## About this task
Transcribe all records exactly; omit pictures.

Top of Extracted material

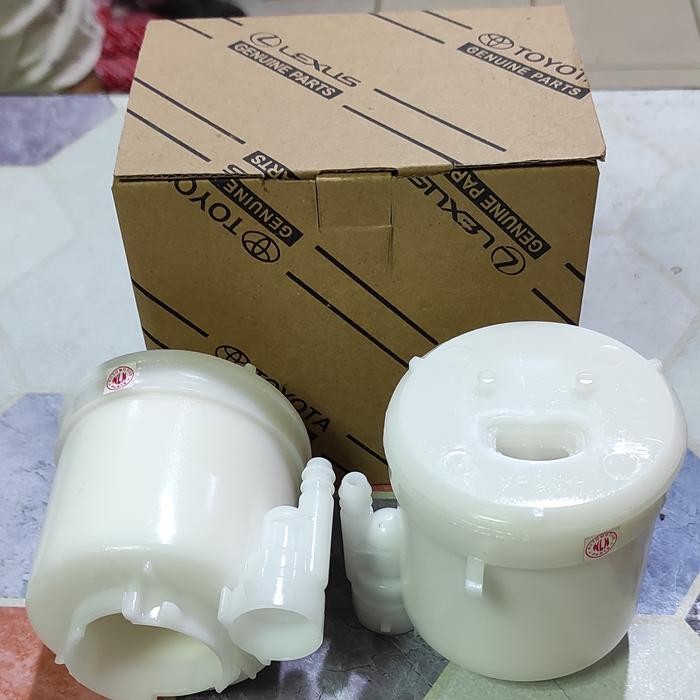 Fuel Filter. Filter Bensin Toyota Yaris. New Vios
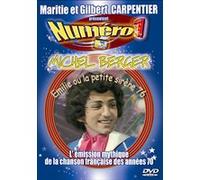 Numéro un - Michel Berger G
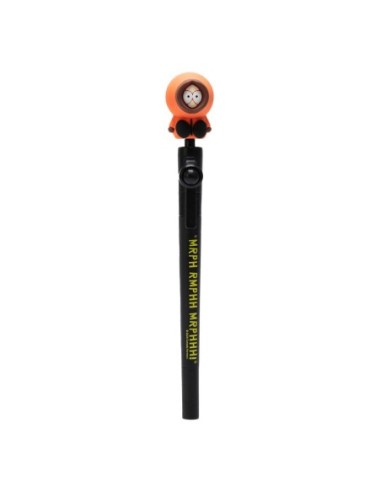 South Park Fidget Pen Kenny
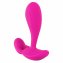 Vibrator RC C- & G-Spot - 2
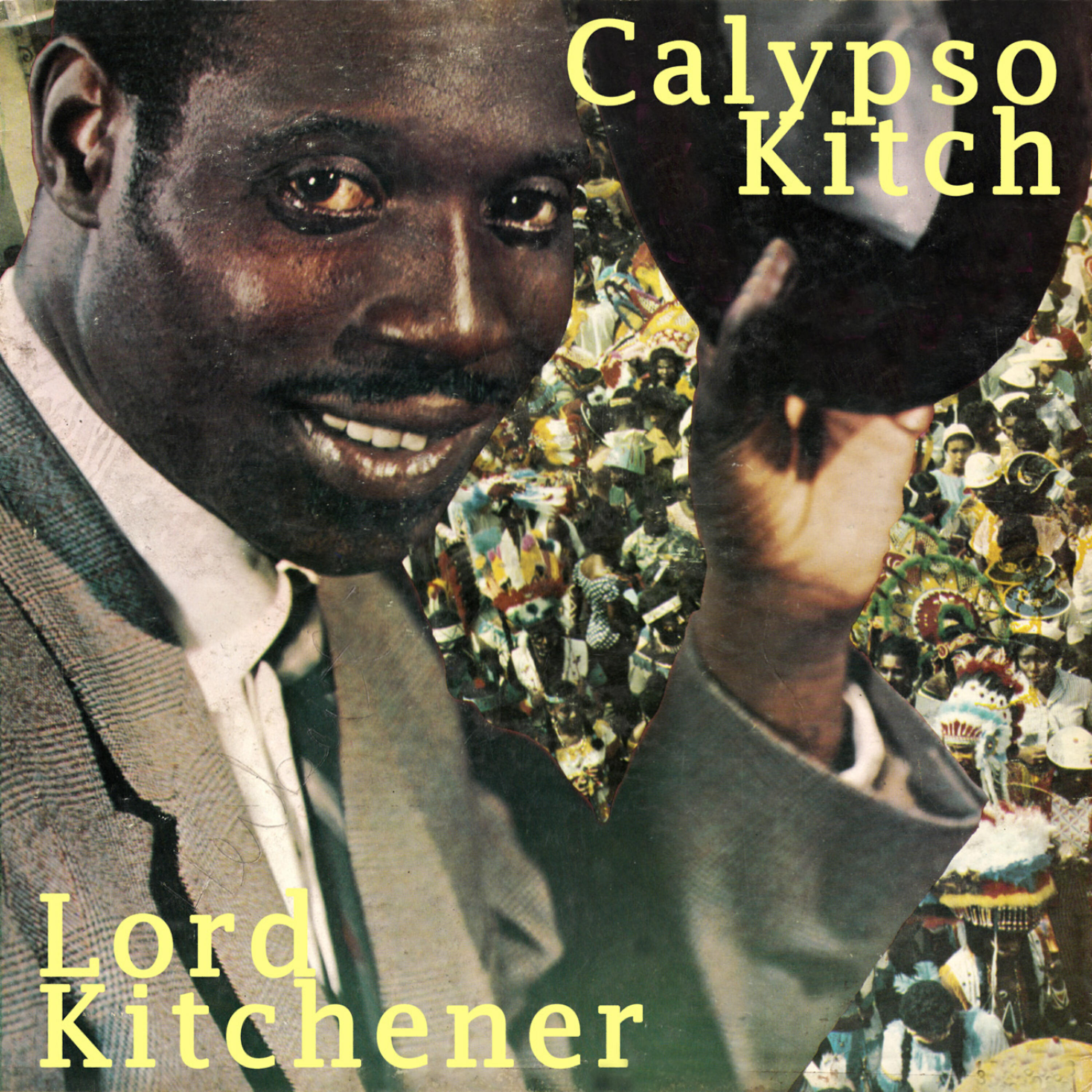 Lord Kitchener - Ting Tang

Bottom of Extracted material

## Task output
 Fuel Filter. Filter Bensin Toyota Yaris. New Vios
 Numéro un - Michel Berger G
 South Park Fidget Pen Kenny
 Vibrator RC C- & G-Spot - 2
 Lord Kitchener - Ting Tang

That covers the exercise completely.